— WHAT THE TASK REQUIRES —
Retype each line of the listing below, from the first through the one holding "Hände halten Aluminiumprofile", with no other lines.

— RECORDS TO USE —
------------------------------------------------------------------------

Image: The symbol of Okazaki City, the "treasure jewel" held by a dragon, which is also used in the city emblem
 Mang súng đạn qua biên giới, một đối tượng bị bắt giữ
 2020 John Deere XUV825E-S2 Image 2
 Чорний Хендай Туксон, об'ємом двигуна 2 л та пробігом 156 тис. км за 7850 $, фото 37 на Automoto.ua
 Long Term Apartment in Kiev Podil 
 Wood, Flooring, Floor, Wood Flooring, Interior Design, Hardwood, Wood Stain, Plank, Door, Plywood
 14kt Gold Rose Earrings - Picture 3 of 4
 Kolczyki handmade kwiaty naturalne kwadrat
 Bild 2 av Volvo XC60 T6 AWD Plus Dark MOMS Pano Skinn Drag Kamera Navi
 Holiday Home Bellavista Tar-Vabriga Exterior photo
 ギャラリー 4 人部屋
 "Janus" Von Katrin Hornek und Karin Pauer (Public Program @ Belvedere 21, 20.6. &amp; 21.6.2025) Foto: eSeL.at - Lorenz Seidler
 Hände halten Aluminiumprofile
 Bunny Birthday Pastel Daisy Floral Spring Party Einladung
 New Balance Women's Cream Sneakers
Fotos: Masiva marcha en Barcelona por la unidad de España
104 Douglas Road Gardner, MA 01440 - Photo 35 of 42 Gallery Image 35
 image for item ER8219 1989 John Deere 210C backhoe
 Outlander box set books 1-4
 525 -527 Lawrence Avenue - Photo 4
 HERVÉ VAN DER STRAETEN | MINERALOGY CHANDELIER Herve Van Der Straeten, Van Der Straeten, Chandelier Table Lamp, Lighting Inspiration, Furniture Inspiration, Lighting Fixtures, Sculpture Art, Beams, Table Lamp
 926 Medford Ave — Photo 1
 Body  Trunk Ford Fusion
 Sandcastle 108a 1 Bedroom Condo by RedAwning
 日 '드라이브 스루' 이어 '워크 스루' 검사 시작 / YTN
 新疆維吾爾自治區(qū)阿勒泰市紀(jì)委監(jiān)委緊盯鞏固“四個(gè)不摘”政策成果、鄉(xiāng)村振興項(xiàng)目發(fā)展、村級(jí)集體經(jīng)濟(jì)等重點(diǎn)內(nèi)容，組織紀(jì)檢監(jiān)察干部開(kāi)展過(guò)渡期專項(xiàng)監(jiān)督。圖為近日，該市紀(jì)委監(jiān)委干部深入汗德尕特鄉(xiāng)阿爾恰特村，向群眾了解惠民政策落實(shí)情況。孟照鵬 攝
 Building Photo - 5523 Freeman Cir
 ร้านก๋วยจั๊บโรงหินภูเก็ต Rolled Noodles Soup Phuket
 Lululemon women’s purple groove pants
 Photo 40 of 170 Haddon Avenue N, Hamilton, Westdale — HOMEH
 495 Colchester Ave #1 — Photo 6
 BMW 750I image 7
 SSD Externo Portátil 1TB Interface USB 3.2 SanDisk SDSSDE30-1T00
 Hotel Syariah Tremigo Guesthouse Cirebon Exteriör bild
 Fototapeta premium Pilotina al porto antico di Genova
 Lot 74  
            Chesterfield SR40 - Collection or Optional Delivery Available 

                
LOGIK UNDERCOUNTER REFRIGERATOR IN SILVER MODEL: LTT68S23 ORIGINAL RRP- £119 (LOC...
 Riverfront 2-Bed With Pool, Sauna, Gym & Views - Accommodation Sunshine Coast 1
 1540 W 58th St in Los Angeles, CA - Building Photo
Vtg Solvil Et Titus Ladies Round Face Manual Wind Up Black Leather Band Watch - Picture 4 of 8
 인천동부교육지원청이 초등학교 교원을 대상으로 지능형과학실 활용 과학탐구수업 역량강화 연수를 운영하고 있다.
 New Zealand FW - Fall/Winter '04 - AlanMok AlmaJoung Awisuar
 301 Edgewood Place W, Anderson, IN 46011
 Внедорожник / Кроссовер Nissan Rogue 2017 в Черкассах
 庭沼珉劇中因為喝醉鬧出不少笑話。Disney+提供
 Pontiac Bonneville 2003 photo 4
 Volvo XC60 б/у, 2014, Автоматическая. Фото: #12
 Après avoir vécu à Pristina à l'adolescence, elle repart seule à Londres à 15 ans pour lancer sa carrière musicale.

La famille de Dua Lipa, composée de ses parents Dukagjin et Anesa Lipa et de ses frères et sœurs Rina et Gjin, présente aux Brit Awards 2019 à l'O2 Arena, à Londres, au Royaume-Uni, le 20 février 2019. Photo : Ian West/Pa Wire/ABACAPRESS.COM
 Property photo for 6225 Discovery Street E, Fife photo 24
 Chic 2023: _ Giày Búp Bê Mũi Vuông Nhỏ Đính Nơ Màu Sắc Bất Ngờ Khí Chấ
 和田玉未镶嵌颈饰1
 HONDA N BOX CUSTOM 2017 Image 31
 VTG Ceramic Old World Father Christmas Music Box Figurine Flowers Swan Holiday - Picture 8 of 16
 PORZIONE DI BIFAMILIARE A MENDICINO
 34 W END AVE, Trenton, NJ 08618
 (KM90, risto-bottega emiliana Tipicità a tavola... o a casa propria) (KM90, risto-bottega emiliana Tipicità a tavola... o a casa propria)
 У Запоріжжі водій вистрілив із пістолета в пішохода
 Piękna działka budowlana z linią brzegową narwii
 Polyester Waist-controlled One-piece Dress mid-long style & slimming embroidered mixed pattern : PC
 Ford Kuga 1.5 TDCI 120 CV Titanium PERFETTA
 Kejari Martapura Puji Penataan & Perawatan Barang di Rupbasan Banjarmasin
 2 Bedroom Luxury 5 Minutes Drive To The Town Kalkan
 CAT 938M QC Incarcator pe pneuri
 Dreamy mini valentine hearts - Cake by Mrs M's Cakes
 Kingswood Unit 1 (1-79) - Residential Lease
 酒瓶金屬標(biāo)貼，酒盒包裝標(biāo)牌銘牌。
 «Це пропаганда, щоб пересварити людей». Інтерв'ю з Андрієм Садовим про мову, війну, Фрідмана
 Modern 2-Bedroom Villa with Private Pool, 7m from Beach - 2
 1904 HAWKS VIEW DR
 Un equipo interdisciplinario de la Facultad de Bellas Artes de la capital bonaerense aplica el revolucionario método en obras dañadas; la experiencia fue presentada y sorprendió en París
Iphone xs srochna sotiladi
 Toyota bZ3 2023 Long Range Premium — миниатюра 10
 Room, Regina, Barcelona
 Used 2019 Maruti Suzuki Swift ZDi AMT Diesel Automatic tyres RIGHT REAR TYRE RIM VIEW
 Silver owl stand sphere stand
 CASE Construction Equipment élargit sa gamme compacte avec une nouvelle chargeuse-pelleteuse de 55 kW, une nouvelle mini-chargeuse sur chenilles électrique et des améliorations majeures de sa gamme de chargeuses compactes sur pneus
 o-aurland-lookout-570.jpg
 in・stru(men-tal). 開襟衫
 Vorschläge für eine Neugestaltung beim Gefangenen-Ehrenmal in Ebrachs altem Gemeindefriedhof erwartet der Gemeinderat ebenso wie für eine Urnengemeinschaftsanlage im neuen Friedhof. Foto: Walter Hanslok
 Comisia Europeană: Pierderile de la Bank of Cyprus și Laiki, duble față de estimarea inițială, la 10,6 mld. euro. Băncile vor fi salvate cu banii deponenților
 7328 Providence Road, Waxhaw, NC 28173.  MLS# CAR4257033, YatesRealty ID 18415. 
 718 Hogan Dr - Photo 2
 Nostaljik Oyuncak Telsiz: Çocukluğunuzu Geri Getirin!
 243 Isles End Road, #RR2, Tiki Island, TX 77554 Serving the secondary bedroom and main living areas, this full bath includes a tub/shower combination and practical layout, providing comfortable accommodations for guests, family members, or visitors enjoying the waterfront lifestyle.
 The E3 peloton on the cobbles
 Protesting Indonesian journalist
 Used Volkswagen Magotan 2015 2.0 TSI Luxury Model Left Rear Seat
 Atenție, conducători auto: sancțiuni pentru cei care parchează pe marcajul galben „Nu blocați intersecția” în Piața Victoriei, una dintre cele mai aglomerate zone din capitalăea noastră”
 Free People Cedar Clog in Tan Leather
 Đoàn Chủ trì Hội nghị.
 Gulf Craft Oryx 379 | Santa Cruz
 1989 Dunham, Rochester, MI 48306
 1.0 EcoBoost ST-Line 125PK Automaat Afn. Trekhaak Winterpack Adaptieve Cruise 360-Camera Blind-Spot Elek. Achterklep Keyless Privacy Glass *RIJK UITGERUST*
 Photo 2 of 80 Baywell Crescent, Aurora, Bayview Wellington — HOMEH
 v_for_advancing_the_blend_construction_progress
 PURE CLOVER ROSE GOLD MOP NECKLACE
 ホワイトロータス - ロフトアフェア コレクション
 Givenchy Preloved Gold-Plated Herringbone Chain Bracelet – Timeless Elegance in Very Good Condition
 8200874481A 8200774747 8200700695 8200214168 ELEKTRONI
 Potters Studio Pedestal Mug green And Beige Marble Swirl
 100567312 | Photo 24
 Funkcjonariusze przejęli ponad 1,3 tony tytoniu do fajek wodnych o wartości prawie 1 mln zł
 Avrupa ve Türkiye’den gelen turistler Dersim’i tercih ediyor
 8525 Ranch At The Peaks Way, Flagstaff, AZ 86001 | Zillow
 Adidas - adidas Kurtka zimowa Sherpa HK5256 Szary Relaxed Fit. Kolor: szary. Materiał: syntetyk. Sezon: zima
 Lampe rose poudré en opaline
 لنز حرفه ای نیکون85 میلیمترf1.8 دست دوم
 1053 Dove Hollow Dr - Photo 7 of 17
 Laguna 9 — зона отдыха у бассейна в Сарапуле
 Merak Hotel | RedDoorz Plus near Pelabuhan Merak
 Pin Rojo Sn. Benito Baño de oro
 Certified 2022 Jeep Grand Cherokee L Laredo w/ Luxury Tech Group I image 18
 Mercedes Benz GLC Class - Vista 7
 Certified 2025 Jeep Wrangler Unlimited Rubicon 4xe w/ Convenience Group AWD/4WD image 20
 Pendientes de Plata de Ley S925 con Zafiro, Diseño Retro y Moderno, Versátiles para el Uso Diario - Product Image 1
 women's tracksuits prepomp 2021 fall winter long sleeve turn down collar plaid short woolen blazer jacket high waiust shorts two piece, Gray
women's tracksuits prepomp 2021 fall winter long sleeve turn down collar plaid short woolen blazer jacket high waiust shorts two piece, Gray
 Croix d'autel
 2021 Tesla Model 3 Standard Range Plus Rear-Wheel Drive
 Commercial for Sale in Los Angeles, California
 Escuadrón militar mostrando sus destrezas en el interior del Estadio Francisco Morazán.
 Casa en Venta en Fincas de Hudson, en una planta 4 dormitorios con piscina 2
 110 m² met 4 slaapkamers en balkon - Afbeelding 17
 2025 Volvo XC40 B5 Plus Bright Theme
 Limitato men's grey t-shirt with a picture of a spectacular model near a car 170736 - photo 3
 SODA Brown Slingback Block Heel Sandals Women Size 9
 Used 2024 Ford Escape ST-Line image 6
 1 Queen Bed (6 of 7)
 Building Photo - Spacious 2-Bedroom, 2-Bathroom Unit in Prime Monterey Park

------------------------------------------------------------------------

— EXERCISE SOLUTION —
Image: The symbol of Okazaki City, the "treasure jewel" held by a dragon, which is also used in the city emblem
 Mang súng đạn qua biên giới, một đối tượng bị bắt giữ
 2020 John Deere XUV825E-S2 Image 2
 Чорний Хендай Туксон, об'ємом двигуна 2 л та пробігом 156 тис. км за 7850 $, фото 37 на Automoto.ua
 Long Term Apartment in Kiev Podil 
 Wood, Flooring, Floor, Wood Flooring, Interior Design, Hardwood, Wood Stain, Plank, Door, Plywood
 14kt Gold Rose Earrings - Picture 3 of 4
 Kolczyki handmade kwiaty naturalne kwadrat
 Bild 2 av Volvo XC60 T6 AWD Plus Dark MOMS Pano Skinn Drag Kamera Navi
 Holiday Home Bellavista Tar-Vabriga Exterior photo
 ギャラリー 4 人部屋
 "Janus" Von Katrin Hornek und Karin Pauer (Public Program @ Belvedere 21, 20.6. &amp; 21.6.2025) Foto: eSeL.at - Lorenz Seidler
 Hände halten Aluminiumprofile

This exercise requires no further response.